Pilgrim holiness church

A church in the Holiness tradition with a strong emphasis on the Wesleyan principles of sanctification of believers and evangelistic missionary work. In 1897 Martin Wells Knapp, a Methodist minister in Cincinnati, Ohio, organized the International Apostolic Holiness Union to restore the primitive spirit of John wesley on “apostolic practices, methods, power and success.” Twenty-five years later the International Holiness Church (derived from the Union) joined with the like-minded Pilgrim Church of California to become the Pilgrim Holiness Church. In 1968, the Wesleyan Methodist Church merged with the Pilgrim Holiness Church.
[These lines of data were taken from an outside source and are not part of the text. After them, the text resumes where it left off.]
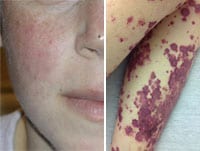 Systemic Lupus Erythematosus: Diverse and Difficult to Diagnose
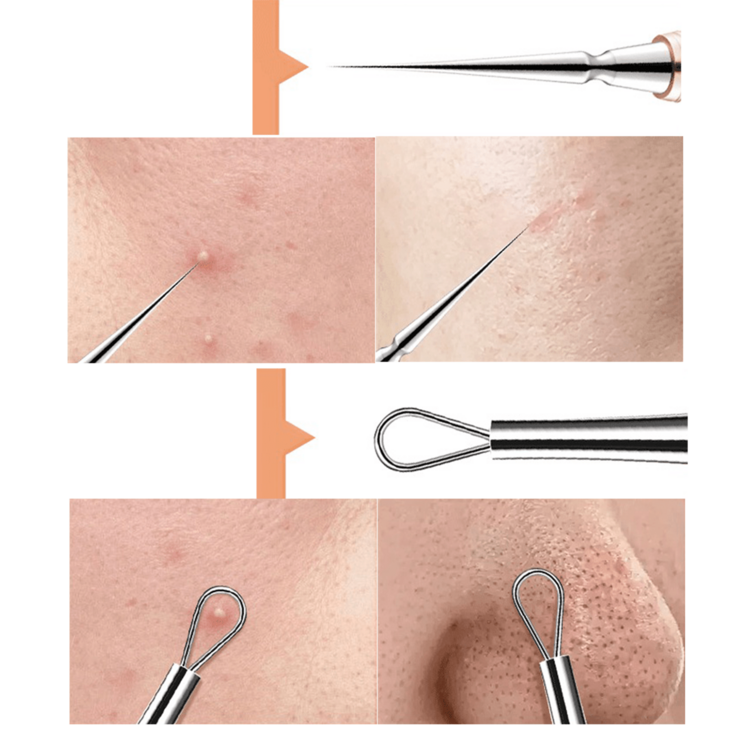 1pc Stainless Steel Blackhead Remover, Pimple Acne Extractor, Face Care Pore Cleansing Tool - Multicolor - View 5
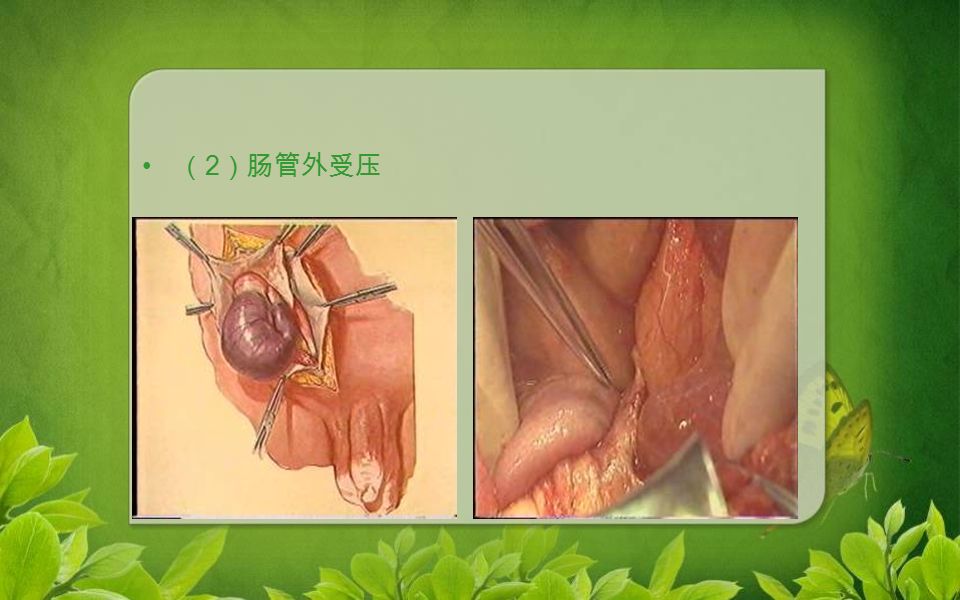 （ 2 ）肠管外受压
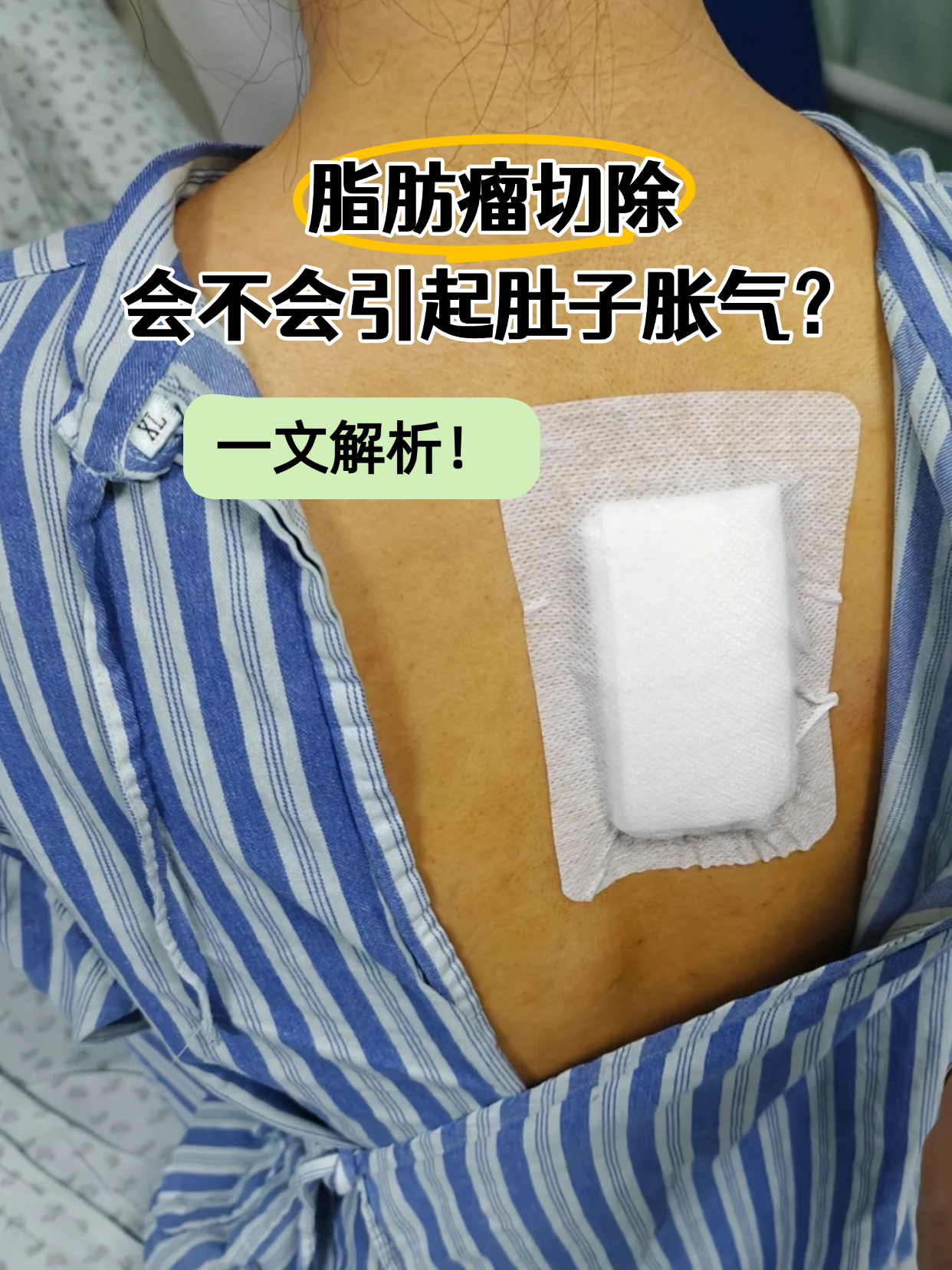 为什么不建议切除脂肪瘤?为什么在线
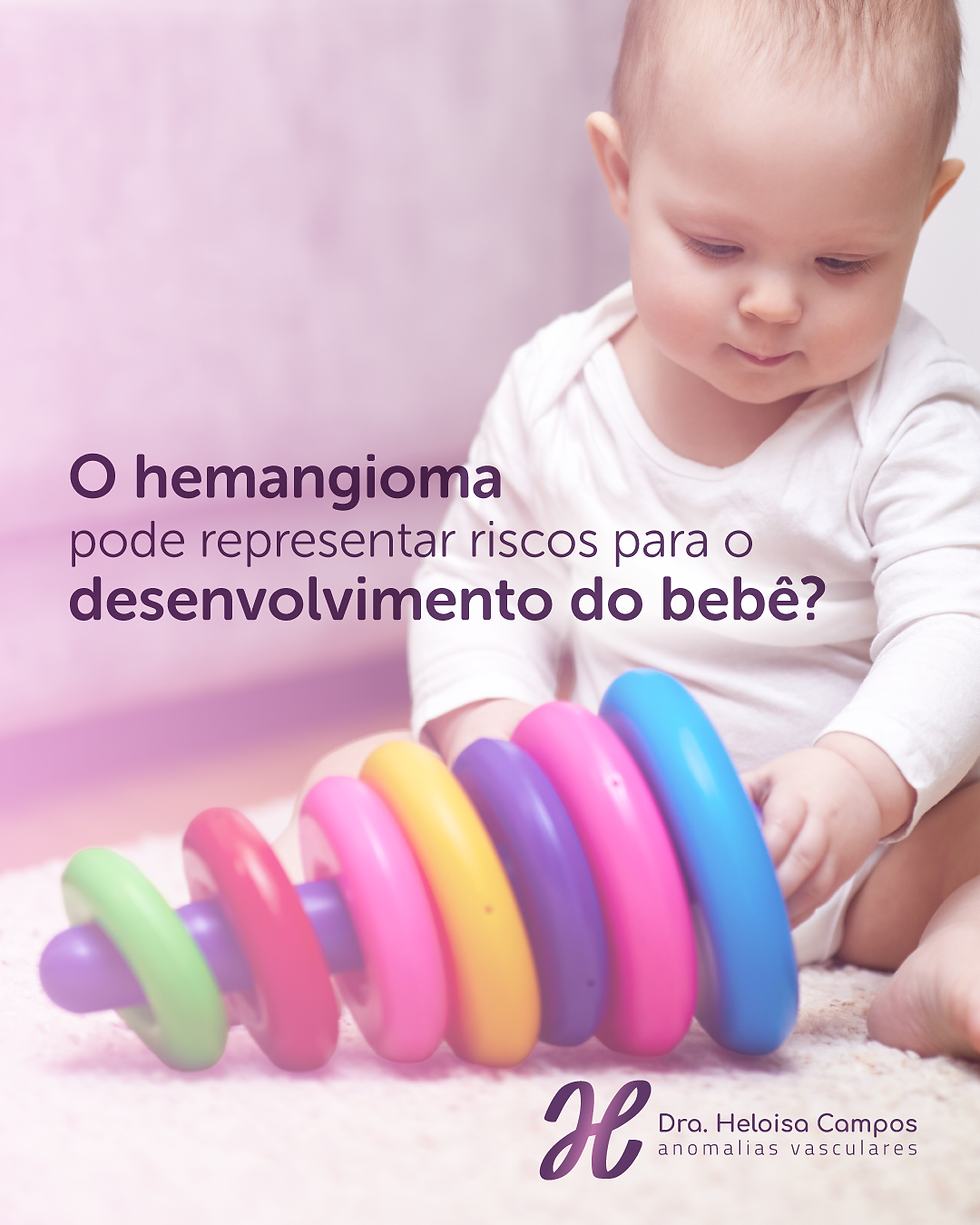 hemangioma da infância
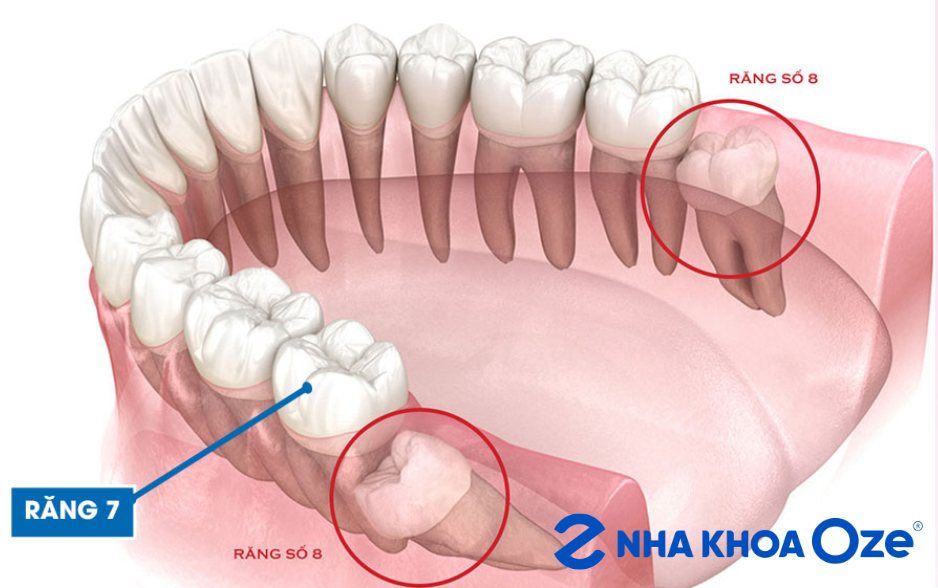Nhổ răng khôn không đau Sóc Sơn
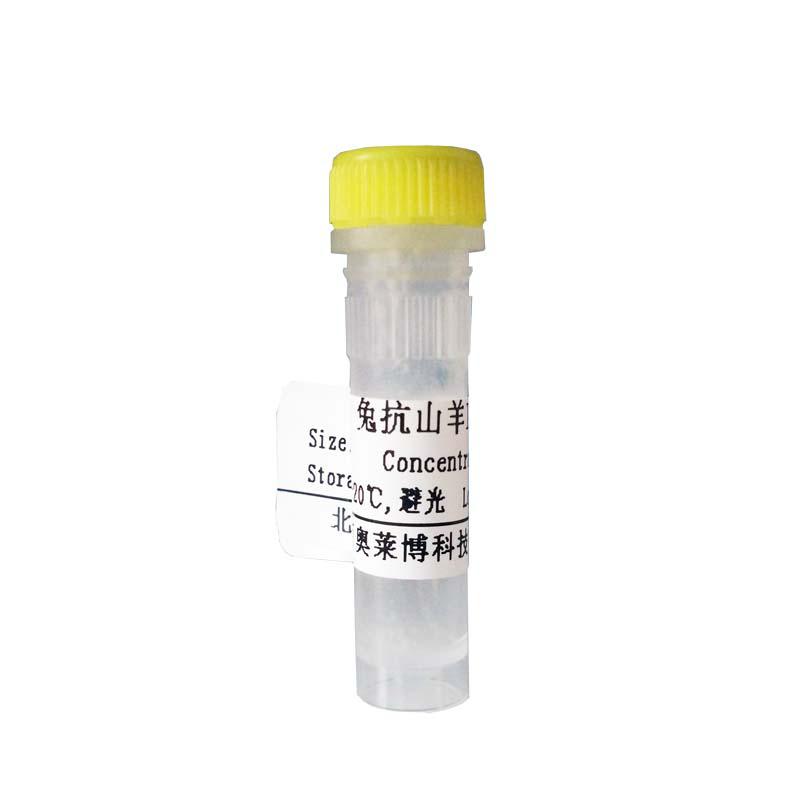 北京载脂蛋白B抗体厂家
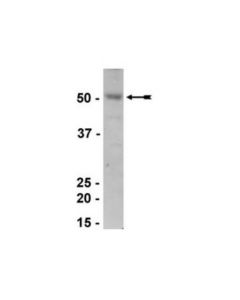 Millipore Anti-Estrogen-Related Receptor Alpha Antibody
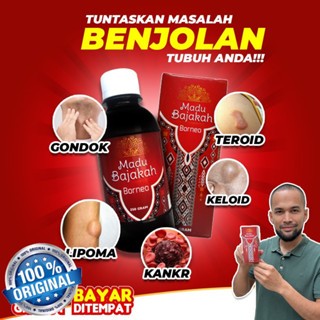 

Madu Bajakah Borneo Teuku Wisnu Ampuh Atasi Benjolan, Kelenjar, Kanker, Miom,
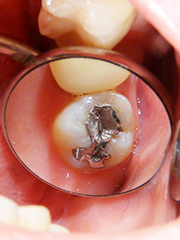 初期段階のむし歯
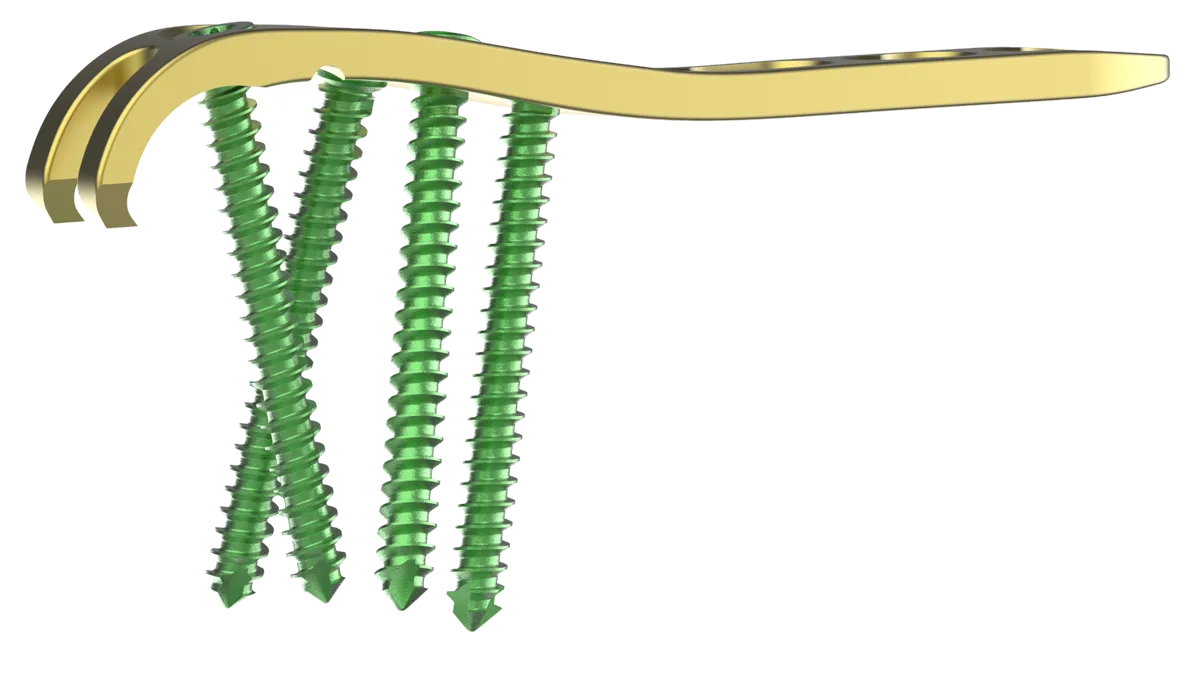 Proximal Ulna Plate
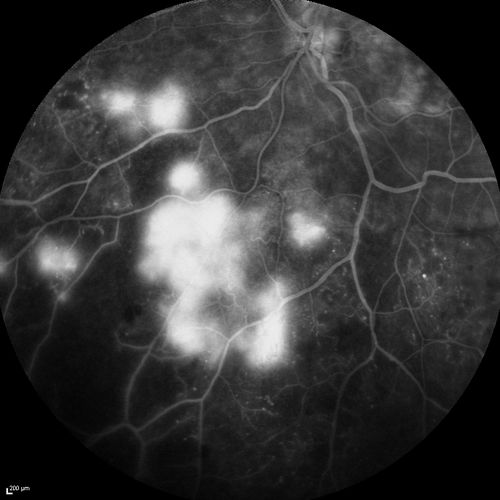FA showing NVE, NVD, non- perfusion left eye inferonasally with neovascularization at the margin of the non-perfusion (heavy leakage from NV)
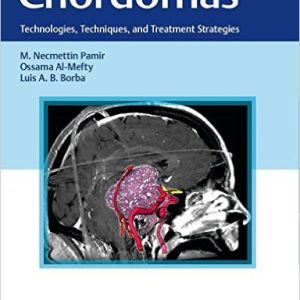 Chordomas: Technologies, Techniques, and Treatment Strategies (Original PDF from Publisher)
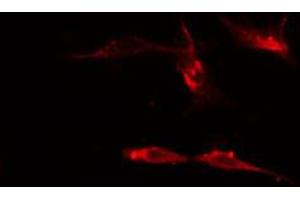 ABIN6274510 staining Hela cells by IF/ICC. (Sema4a Antikörper  (Internal Region))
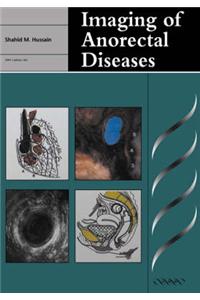 Imaging of Anorectal Diseases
The church’s stress on sanctification is based on Wesley’s teaching that once a person is justified he may grow in holiness through his generous response to the Indwelling Spirit. This “second blessing” adds a sense of security that the sinner is now reconciled with God, and gives him an emotional experience that is unmistakable. In its accent on “true Wesleyanism,” the Pilgrim Holiness Church holds that sanctification is both possible and commendable; that man’s sinfulness has not deprived him of the capacity for a willing cooperation with grace. The church also professes belief in millennialism, i.e., the belief in the early Second Coming of Christ (see parousia). The Pilgrim Holiness Church further believes that the Second Coming will precede this 1000-year period of the highest spiritual and material blessings on earth as a prelude to the end of the world.

Bibliografia: f. s. mead, s. s. hill and c. d. atwood, eds., Handbook of Denominations in the United States, 11th ed (Nashville 2001).